Mental health status of new-generation migrant workers

This study found that 58.45% of the new generation of migrant workers were mentally healthy, the percentage of those with positive mental health was the highest among the four groups. This is consistent with the results of previous studies on adolescents [11, 15, 28].

It is worth to notice that 30.87% of the new generation migrant workers belonged to the vulnerable group, which meant that they did not have psychiatric symptoms but were less satisfied with their lives. The reason may lie in the dual status of the new generation of migrant workers. They have rural Hukou and live in towns, but they cannot enjoy the benefits of towns. Compared with urban people, the new generation of migrant workers have a lower socio-economic status. According to the traditional concept of mental health, they are out of the scope of concern. However, the mental state of vulnerable groups leads them to be more prone to reduced sense of value, purpose, and efficacy, family conflicts, low work efficiency, and chronic diseases. The older generation of migrant workers alleviate their sense of relative deprivation by comparing themselves with farmers in their hometowns, while the new generation of migrant workers prefer to choose urban residents as their reference group, even though this makes them feel a stronger sense of relative deprivation [29]. Therefore, more preventive efforts should be made to address the mental health of such populations.

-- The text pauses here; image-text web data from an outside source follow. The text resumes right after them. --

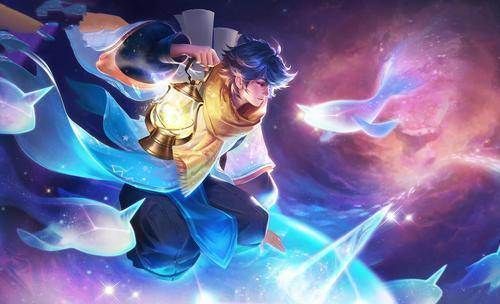  返场活动|王者荣耀：2020限定皮肤返场投票开始，最高呼声的是它！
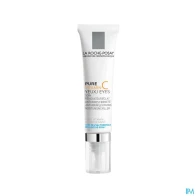 La roche posay redermic c comblement a/age p sens yeux 15ml | Aesiel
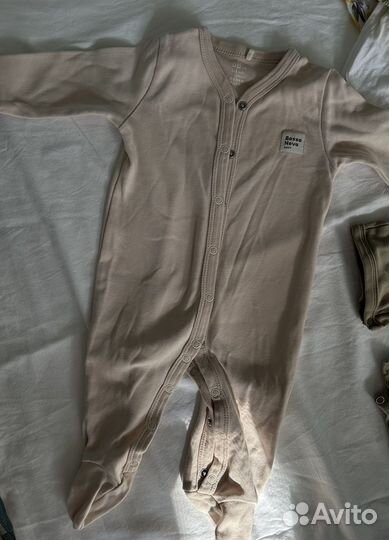 Комплект детской одежды 62-68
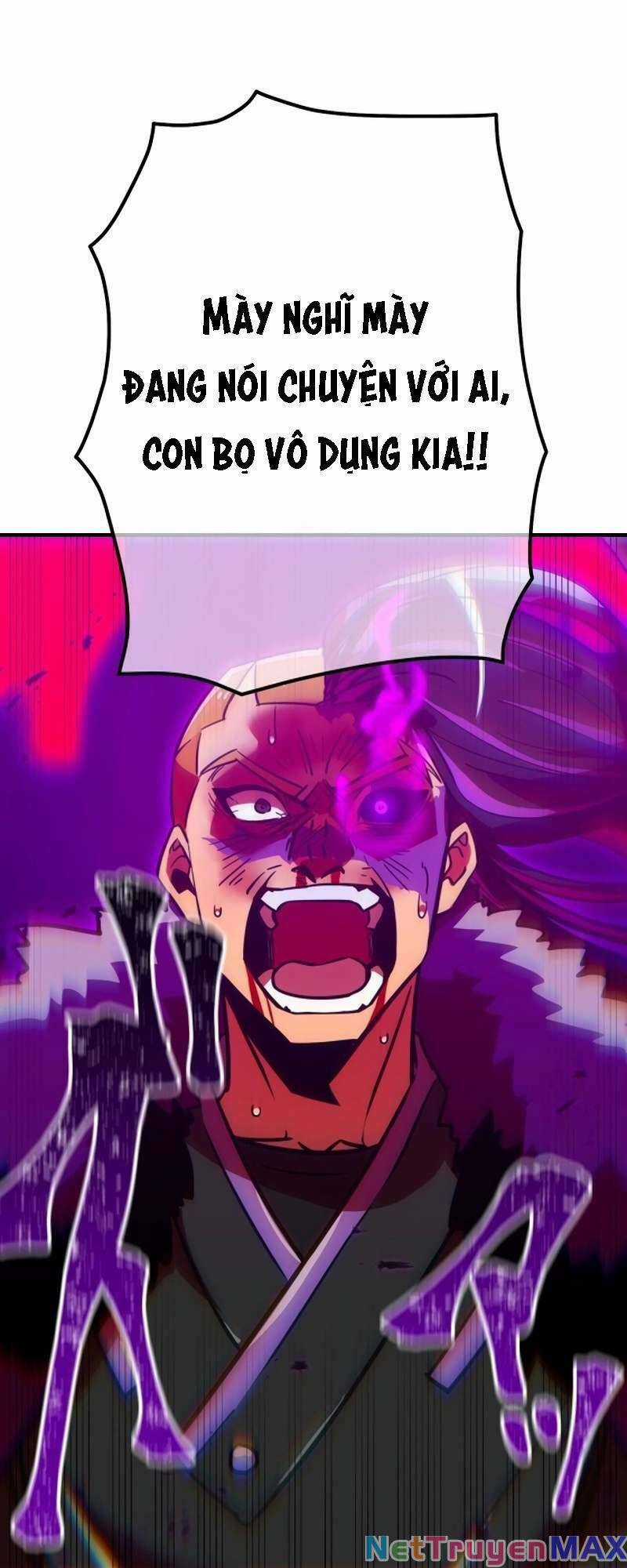 Huyết Thánh Cứu Thế Chủ~ Ta Chỉ Cần 0.0000001% Đã Trở Thành Vô Địch Chapter 21 trang 4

According to our findings, as policy makers, officials can enhance the new generation of migrant workers’ identity and urban integration in order to improve their life satisfaction and enhance their sense of well-being. For example, they can work on social security, children’s schooling and other rights and interests that new generation migrant workers should have.

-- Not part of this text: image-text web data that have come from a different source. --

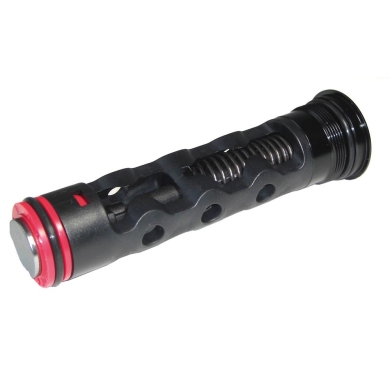 Tłumik kompresji Rock Shox Motion Control Remote Paragon Gold A1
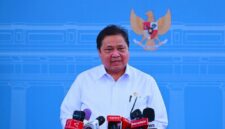 Menteri Koordinator Bidang Perekonomian, Airlangga Hartarto (Foto: Istimewa)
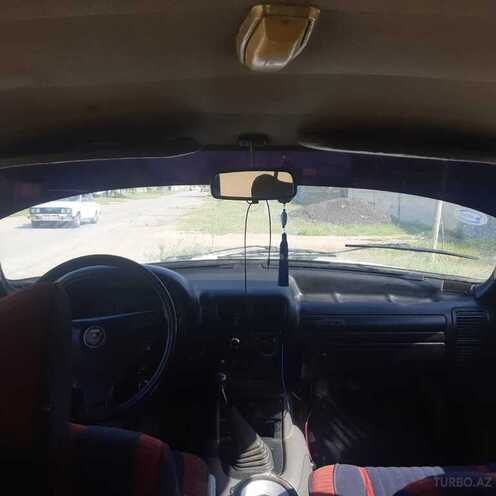 GAZ 24-10 1991, 254,650 km - 2.5 l - Şirvan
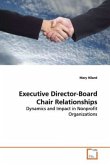 Executive Director-Board Chair Relationships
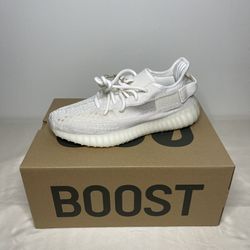 6.5M and 7M YEEZY BOOST 350 V2 Bone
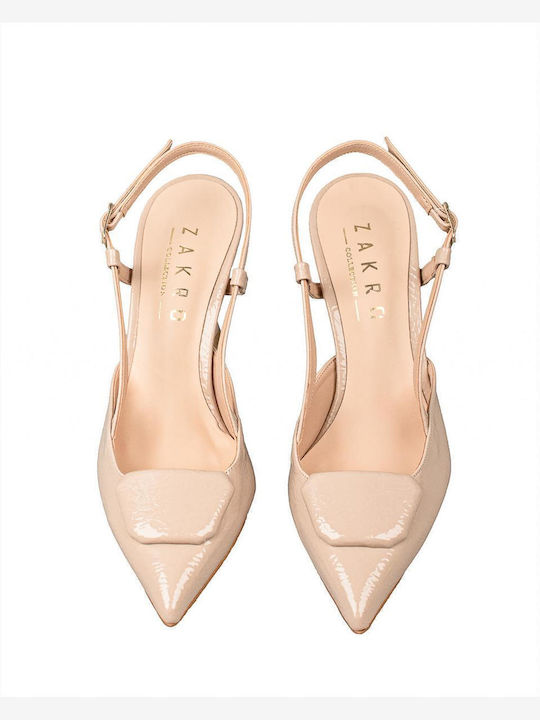 Pink Heels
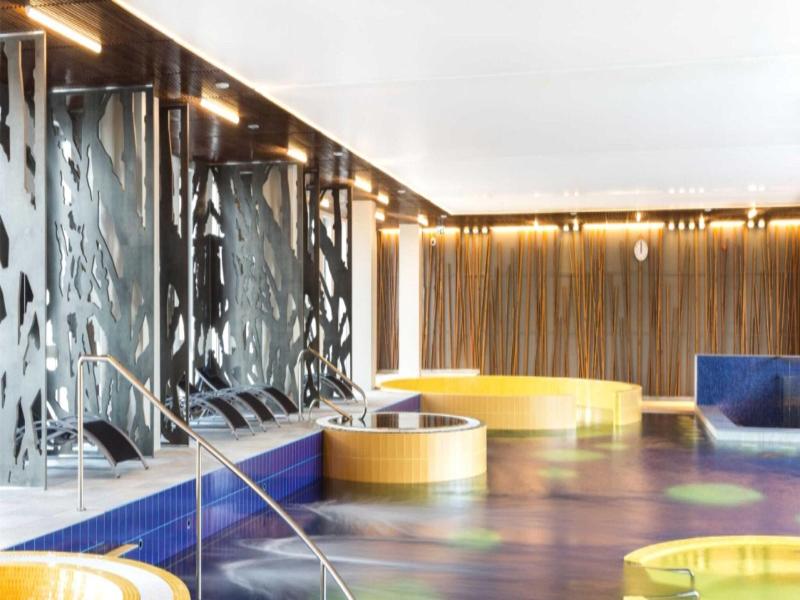 Estonia Resort Htl And Spa I image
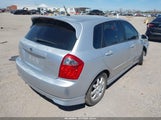 Kia Spectra5 KNAFE161665348430 снимка
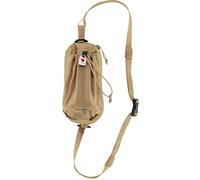 Fjällräven backpack accessories Abisko Bottle Pocket 0,75L Clay light brown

Characteristics of perceived work values and perceived work stress among new generation migrant workers with different mental health status

Grouped according to the dual-factor model, the four groups of new generation migrant workers differed significantly in terms of perceived work values and perceived stress. This result is consistent with the findings of a previous study [10]. Further analysis revealed that the positive mental health group had higher perceived work values than vulnerable group. This may indicate that increasing the life satisfaction of new generation migrant workers may also increase their employment stability and reduce frequent quitting and job hopping or long-term unemployment [30]. In terms of perceived work stress, positive mental health, vulnerable, symptomatic but content, and troubled group had sequentially higher stress perceptions, which may indicate a protective effect of mental health on work stress.

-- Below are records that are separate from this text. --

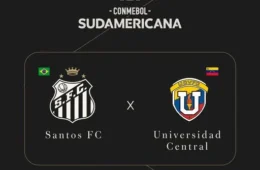 Terremoto na Venezuela ameaça jogo do Santos na Sul-Americana
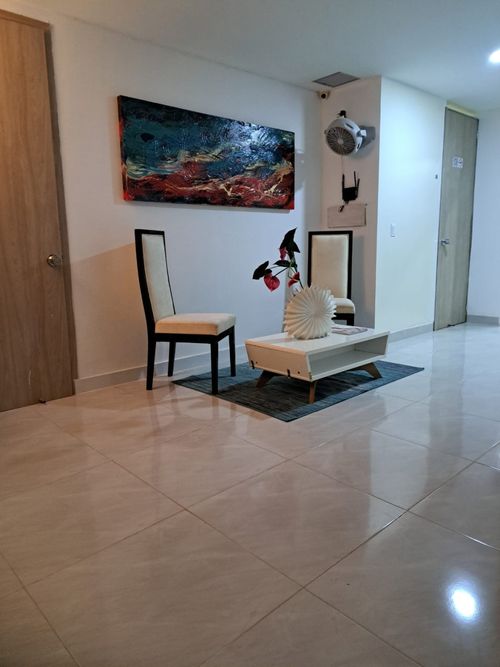 Apartaestudio en arriendo en Los alpes, Barranquilla - Miniatura 7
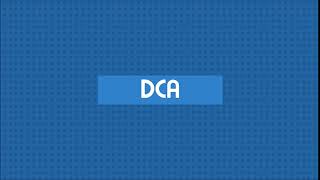 DCA intro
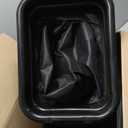 2 X Grass Catcher Container Bag Compatible With Husqvarna Craftsman 532400226 400226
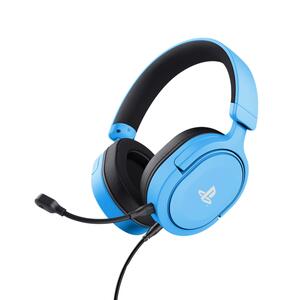 Trust GXT498B FORTA PS5 Plave (25556)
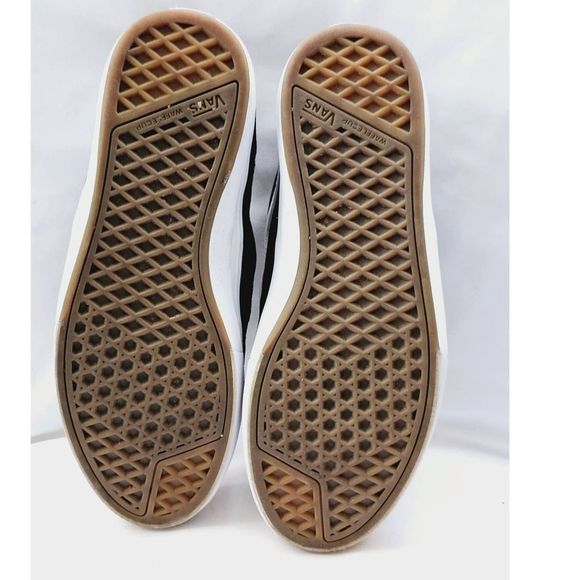 Vans Skateboard M9 Great Shape - Picture 2 of 9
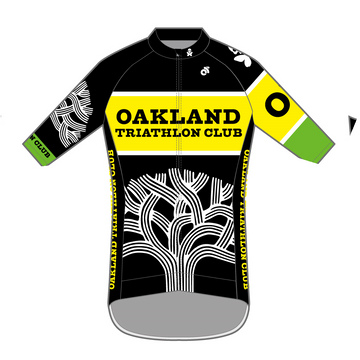 PERFORMANCE+ ECO Jersey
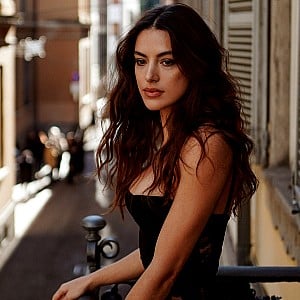 Desiree Popper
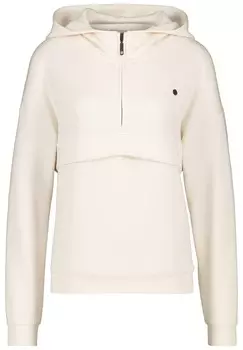 Толстовка с капюшоном alife & kickin, серый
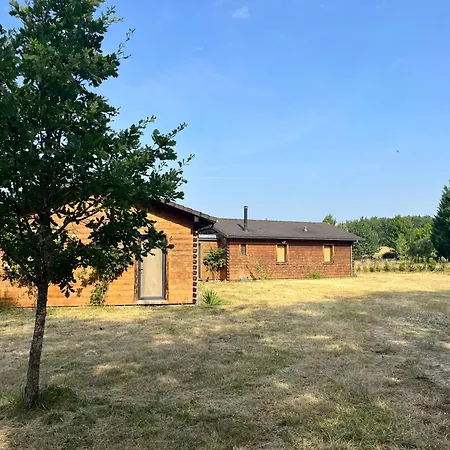 La Maison Des Bois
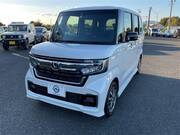 2023 HONDA N-BOX CUSTOM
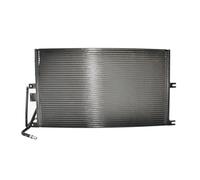 Condensador, aire acondicionado NRF 35342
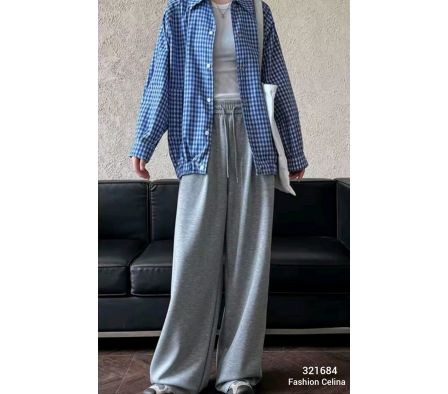 PANTALON FEMENINO C321684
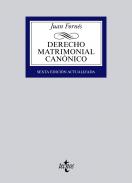 Derecho matrimonial canónico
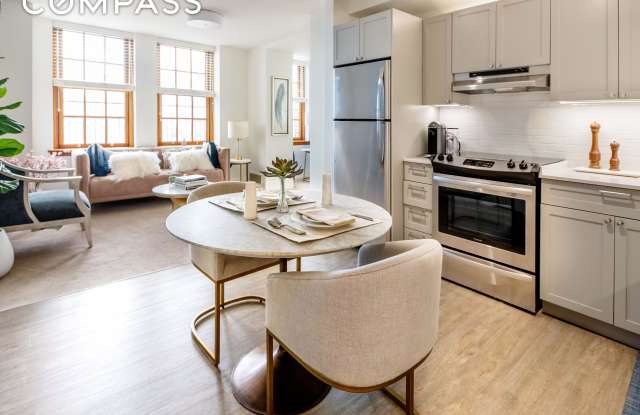 Watermark at Brooklyn Heights photos photos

Limitations and future research directions

The purpose of this study was to explore the applicability of the dual-factor model of mental health to new generation migrant workers in China. The limitations of this study are mainly as follows. First, the study population from the single center was relatively small. Therefore, future research needs to expand the breadth and depth of the survey. Second, this study is a cross-sectional investigation and cannot test the longitudinal effects of the dual-factor model on individual growth. Therefore, future research should examine the meaning and value of this model from a longitudinal perspective. Finally, this study is a quantitative investigation. Therefore, future research should investigate the differences of the four groups from a qualitative perspective.

Conclusion

The dual-factor model of mental health is applicable to the new generation of migrant workers in the Chinese manufacturing industry. Psychiatric symptoms and well-being are two important dimensions of mental health. The proportion of new generation migrant workers in the four subgroups was similar to that of the youth population in a previous study. New generation migrant workers with mentally healthy had the highest levels of perceived work values and the lowest levels of perceived work stress.